If you’re an event organizer
You wonder if you could possibly invite a speaker without paying and just give him a special token of appreciation or whatever freebies you receive from your favorite sponsors. You’ve probably done so all the time you’ve invited a speaker to an organized event. The question is, “Is such practice standard?” Possible—IF your event is nonprofit.
If you’re the invited speaker
You probably wonder if the event organizer is going to pay you at all. You hesitated to ask, because, in your mind, you're a professional, so they'll definitely pay you. Turns out, they think you're a professional, all right, but they're not thinking of paying you. Too bad. But they give you something in return, of course: a pack of goodies from a reputable store, a plaque of appreciation, a freebie, or perhaps, an honorarium of, let’s say, a little over a hundred US dollars. Is that fine, you think? I say again, yes—IF the event you’re invited to is nonprofit; however, if it’s for profit, think again. But the truth is, regardless whether the event is for profit or otherwise, you're free to name your price.
A matter of standards
Which one do you follow? The nonstandard, the substandard, or the one that’s at par with international standard? Definitely, if you’re offering products and services at par with international standard, you don’t compensate your speakers with freebies or, if you're the speaker, you don't consider it OK if you’re just given an honorarium. Think about it. Again, freebies and honorarium are fine to give and receive—IF the event is nonprofit. If the event is for profit, speakers are paid according to their professional rates for a speaking engagement.
Whose standard is paying a speaker when doing so is not legally required, anyway? Let's put it this way, why should paying a speaker be different from paying someone who gets the job done?

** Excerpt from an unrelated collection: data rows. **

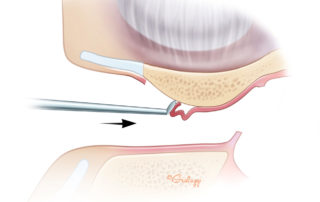 Elevation of canal skin flap.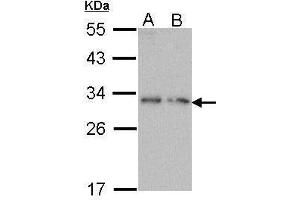 WB Image Sample (30 ug of whole cell lysate) A: Molt-4 , B: Raji 12% SDS PAGE antibody diluted at 1:1000 (PDYN anticorps)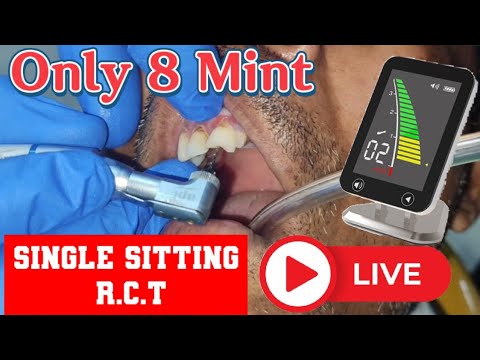 R. C. T Root Canal Treatment //दांतों की नसों का इलाज #rct #video #pawardentalhospital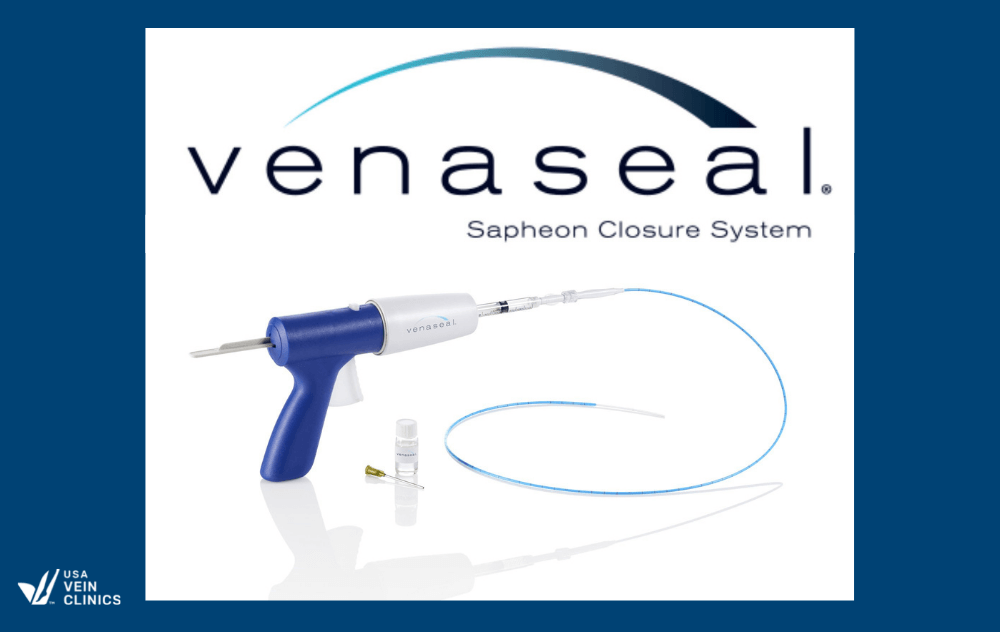 VenaSeal™ Closure System Treatment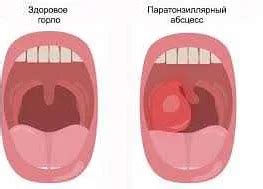 Когда следует обратиться к врачу при першении в горле у ребенка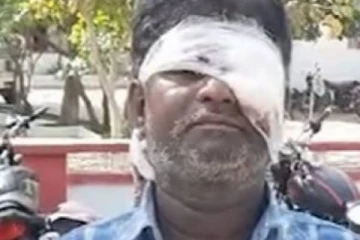 டிவி பார்ப்பதில் ஏற்பட்ட தகராறு... கணவரை கொடூரமாக தாக்கிய மனைவி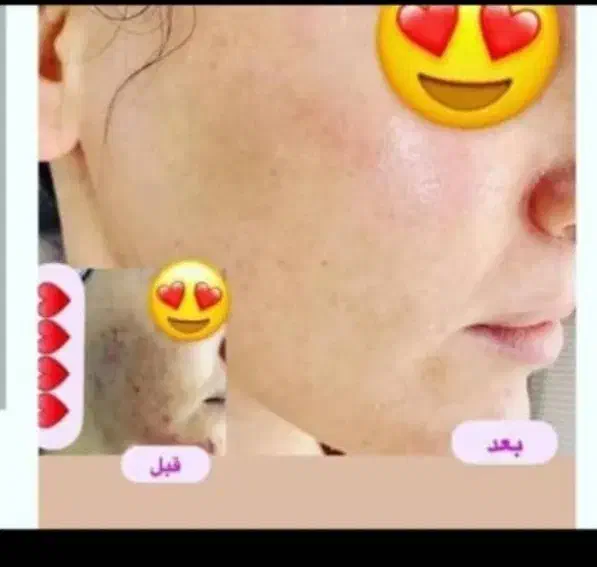 کرم بدن نقره|آرایشی، بهداشتی، درمانی|خاش, |دیوار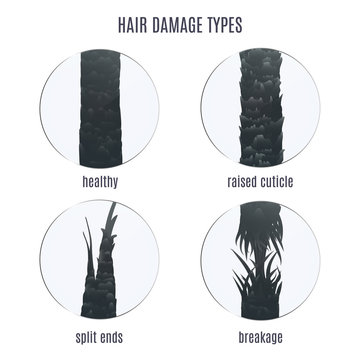 Surface Of Healthy And Damaged Hair Under The Microscope. Hair Follicle Condition Closeup Set. Problem Of Split Ends, Breakage And Raised Cuticle. Trichology Medical Concept. Vector Illustration.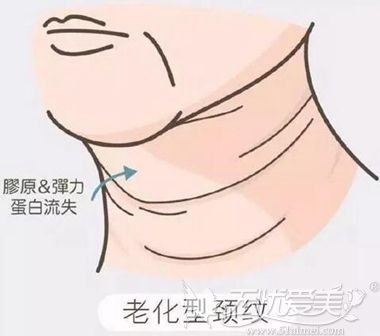 火鸡脖可以在梅州曙光整形做嗨体去颈纹 效果如何看照片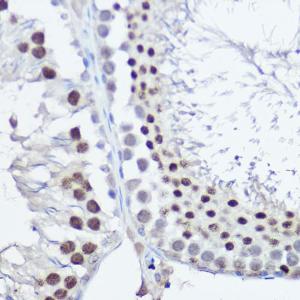 Immunohistochemistry analysis of paraffin-embedded rat testis using Anti-FANCC Antibody (A8967) at a dilution of 1:100 (40X lens). Perform high pressure antigen retrieval with 10 mM citrate buffer pH 6.0 before commencing with IHC staining protocol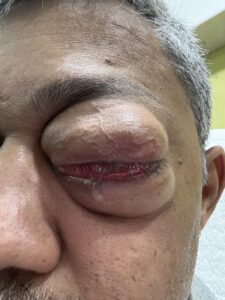 MY JOURNEY WITH A RARE TUMOUR BEHIND EYE 1 IMG 1742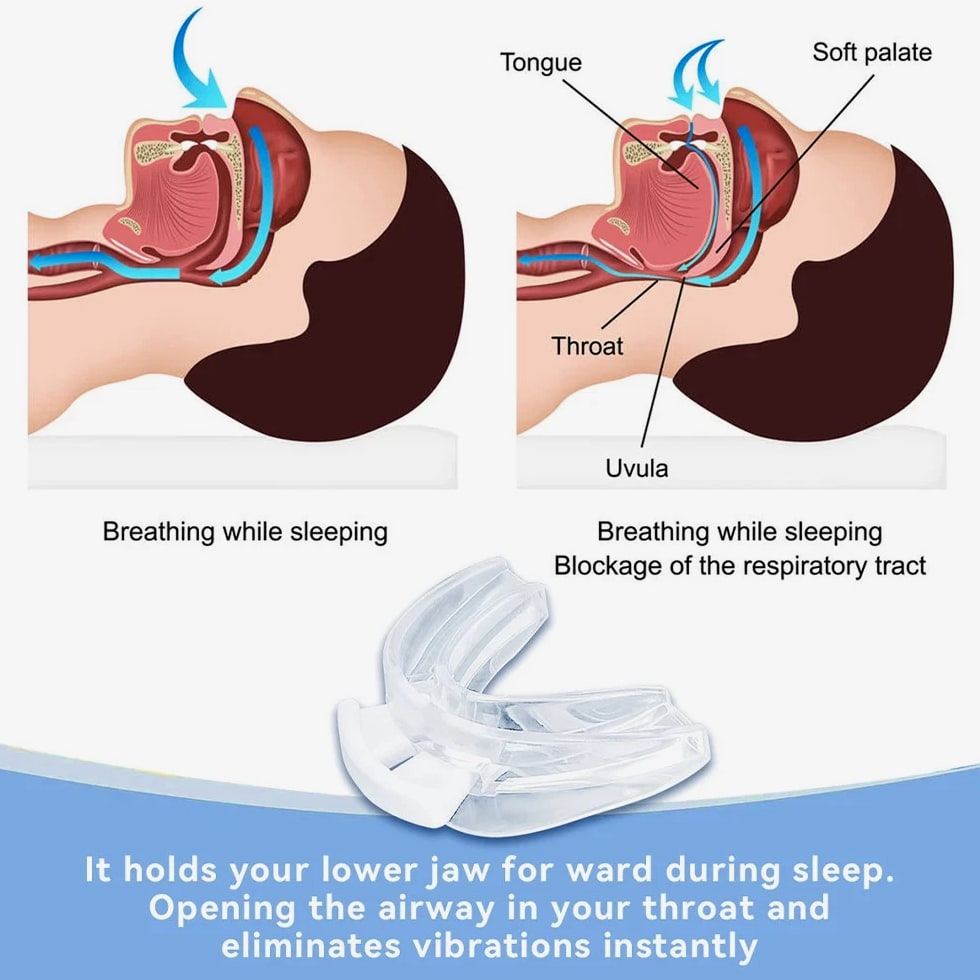 Stop Snoring Bruxism Silicone Mouth Guard Improve Sleeping Teeth Bruxism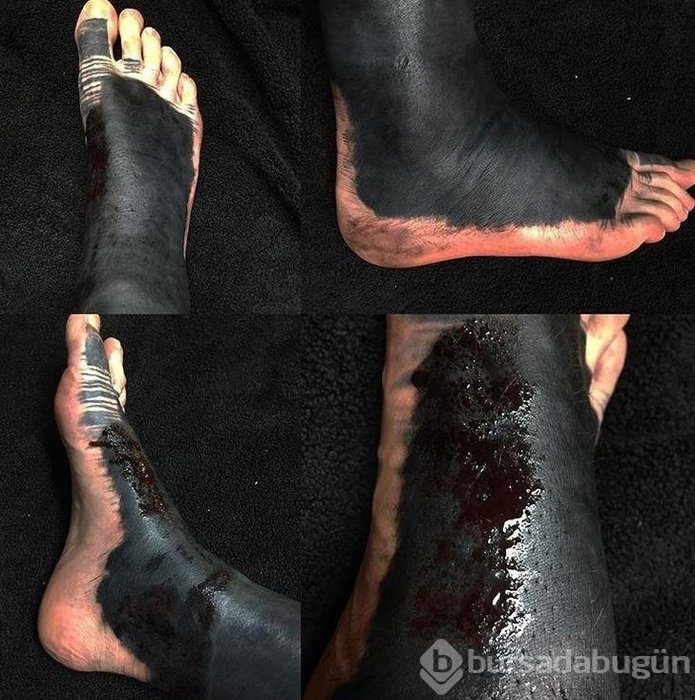 Dövme yaptırdılar sonucu bakın ne oldu!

No, it's not about the speaker paying back so people can freely exploit his expertise. The invited speaker is a professional, an expert in his field of endeavor. Consider he'd be accepting paid work instead if he didn't accept the speaking engagement. But then, he did accept the speaking engagement for which he'd spend hours of his supposed work time to prepare, research, conceptualize, and deliver substantial information for the benefit of the audience.

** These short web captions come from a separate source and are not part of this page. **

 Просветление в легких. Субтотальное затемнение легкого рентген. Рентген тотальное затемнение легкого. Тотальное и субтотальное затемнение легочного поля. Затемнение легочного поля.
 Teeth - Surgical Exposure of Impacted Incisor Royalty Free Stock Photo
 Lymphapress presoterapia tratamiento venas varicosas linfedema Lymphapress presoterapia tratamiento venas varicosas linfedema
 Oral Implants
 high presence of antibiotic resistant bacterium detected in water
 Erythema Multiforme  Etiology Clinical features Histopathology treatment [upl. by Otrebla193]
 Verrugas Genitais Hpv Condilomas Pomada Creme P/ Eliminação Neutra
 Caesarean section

The first question to ask when inviting a speaker
If you’re the event organizer, have the courage to ask the speaker, “What’s your rate?” Explain the task at hand and ask the invited speaker to provide you a quote for the speaking engagement. This astute practice exhibits high ethical standards, particularly if you’re inviting a professional speaker, who’s expected to utilize countless hours of his time to prepare for his talk and share his brain with the audience. Avoid giving honorarium, which is nonstandard for a profit-oriented event. Do give honorarium if your event is nonprofit.
Moreover, research significantly about the background of the speaker you’re inviting. This way, you refrain from asking the speaker to address topics he doesn't even recommend or deem essential. For instance, the speaker you're interested to invite is not into using social media (e.g., FB, LinkedIn, Twitter, etc.); avoid the mistake of assigning or asking him to discuss topics about content writing with SEO and online networking, which are social media-oriented subjects.

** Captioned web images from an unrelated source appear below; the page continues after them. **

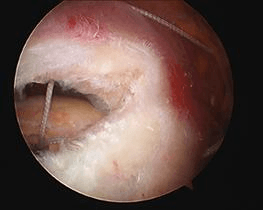A degenerate, frayed, dislocated or inflamed long head of bicep tendonitis is usually removed from the joint. 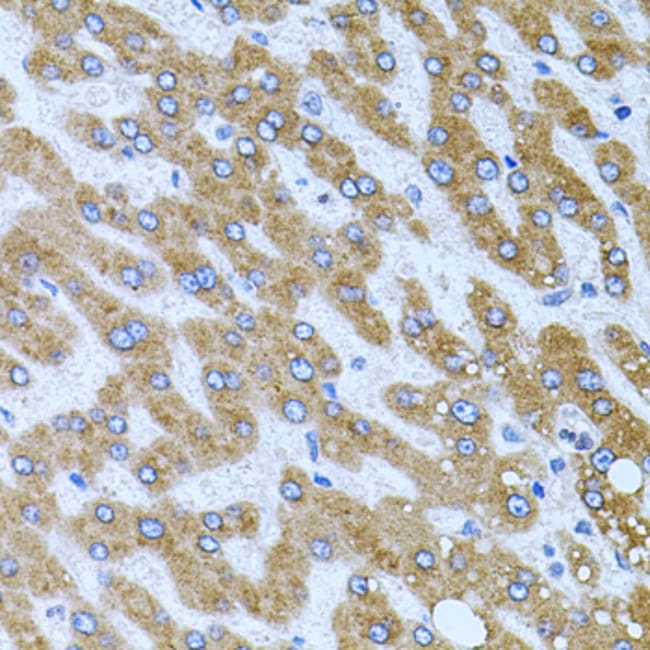 100UL CARBOXYPEPTIDASE M ANTIBODY 100 ul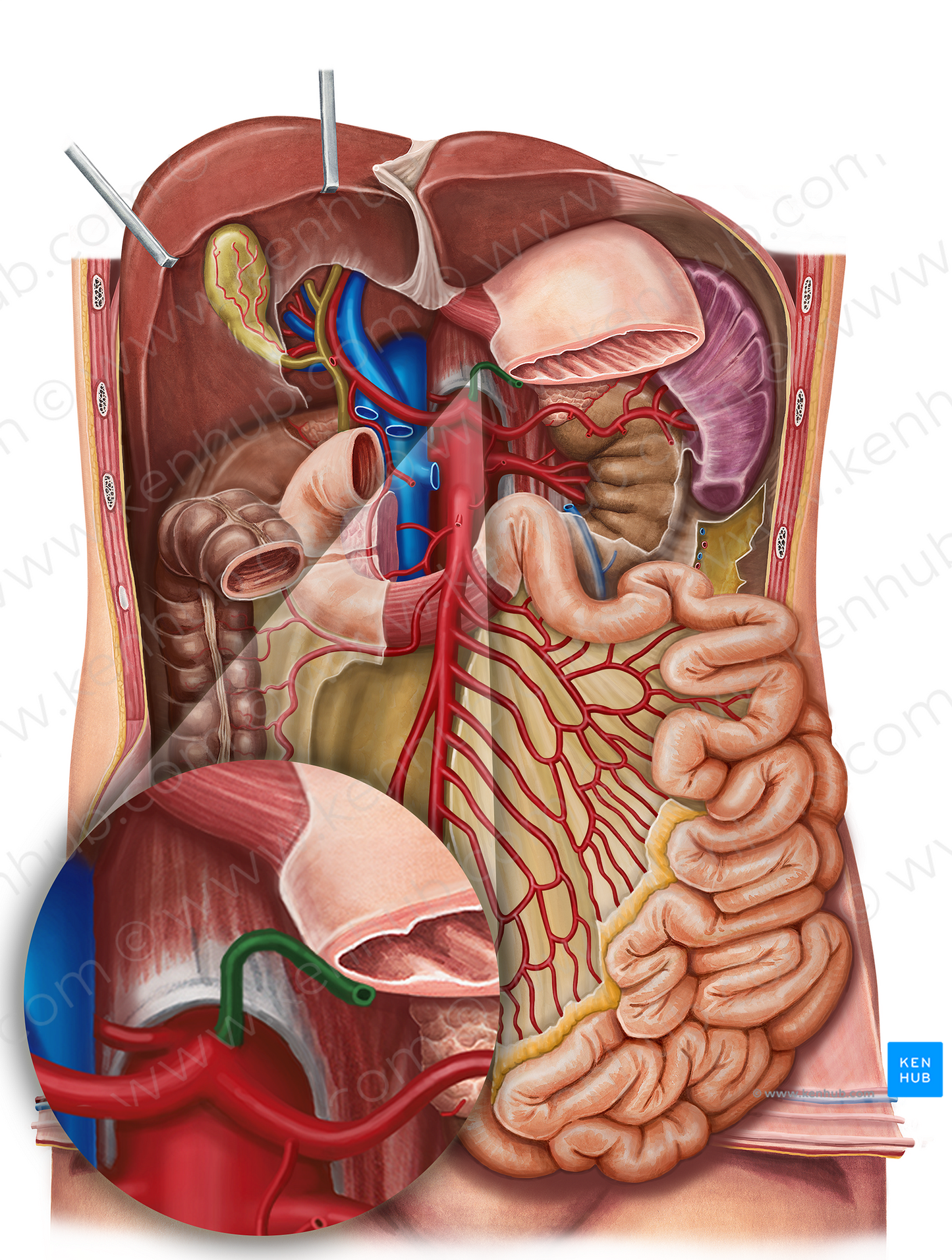 Left gastric artery (#1276)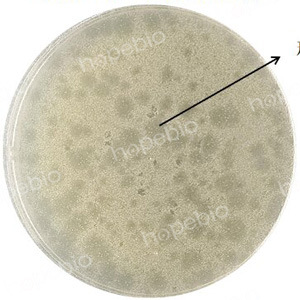 大肠杆菌噬菌体MS2在双层平板上形成的噬菌斑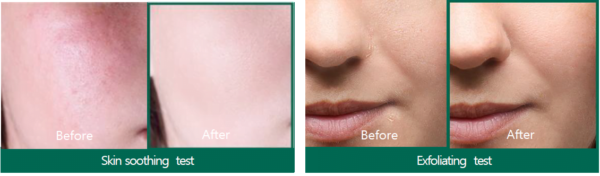 Some By Mi - AHA-BHA-PHA 30 days Miracle Serum - 50ml – Image 2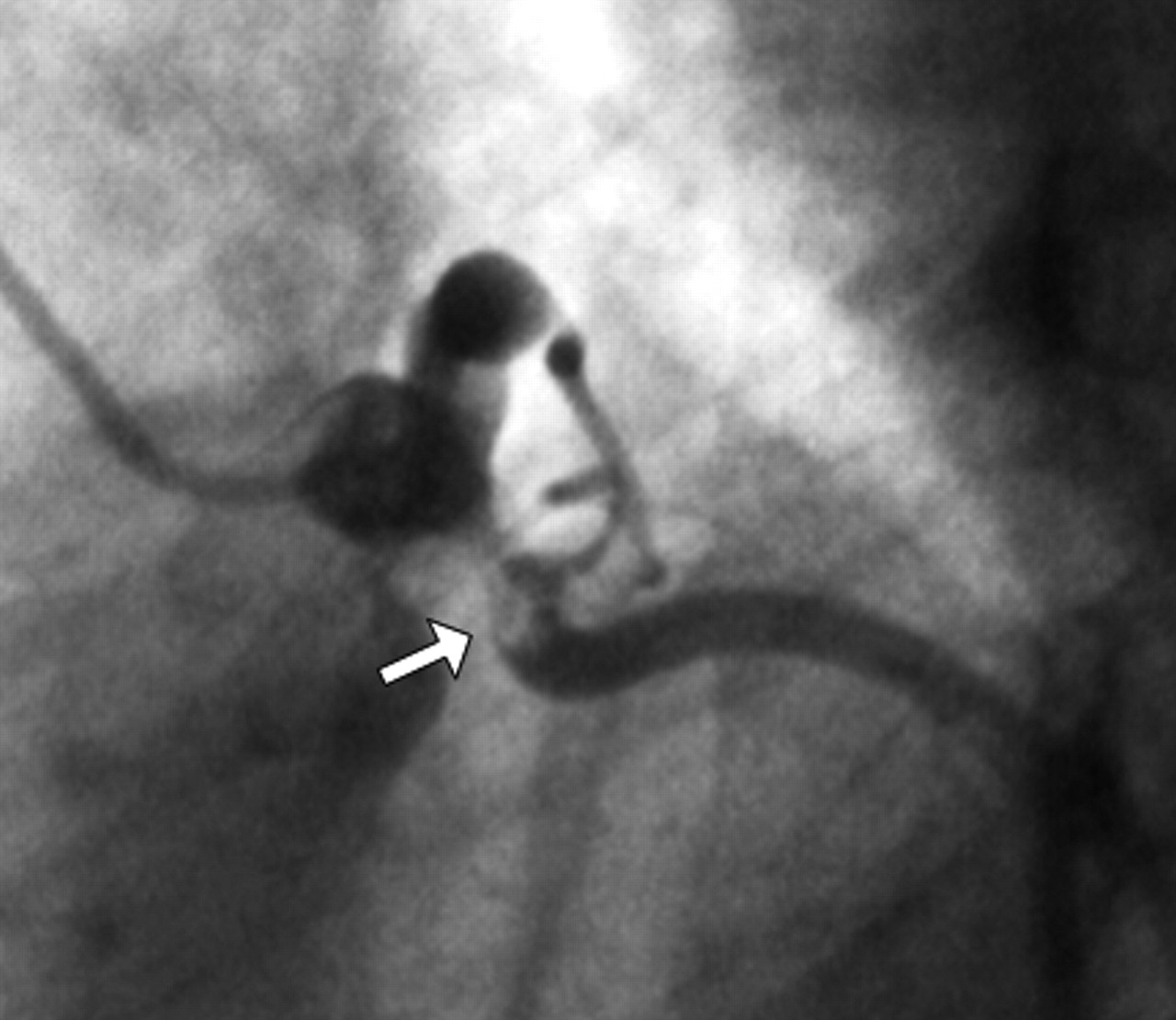 Velsigne Blot Slutning A case of myocardial infarction complicating Kawasaki disease | CMAJ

Graciously turning down an unpaid for-profit speaking engagement
Unfortunately, not all event organizers practice high ethical, professional standards or are willing to compensate professional speakers accordingly. So you may politely decline their invitation should you discover they’re not going to pay you. Be sure to know this before accepting their invitation. And when they tell you they can't afford your speaker fee, simply tell them, "I understand. Thank you for the interest. I wish you and your team the best in your endeavors." Note that honorarium is not the same as professional payment, but a token of appreciation that’s best given to a speaker invited to a nonprofit event. In which case, if you’re asked your rate, base your computation on your hourly fee for the time you'll spend to prepare for your talk; travel to and from the event venue; and speak during the actual event, among other factors. When you accept the paid speaking engagement, be courageous to talk; you're the expert, remember? Enjoy discussing the subject matter that’s closest to your heart.
For the scripture saith, Thou shalt not muzzle the ox that treadeth out the corn. And, The labourer is worthy of his reward.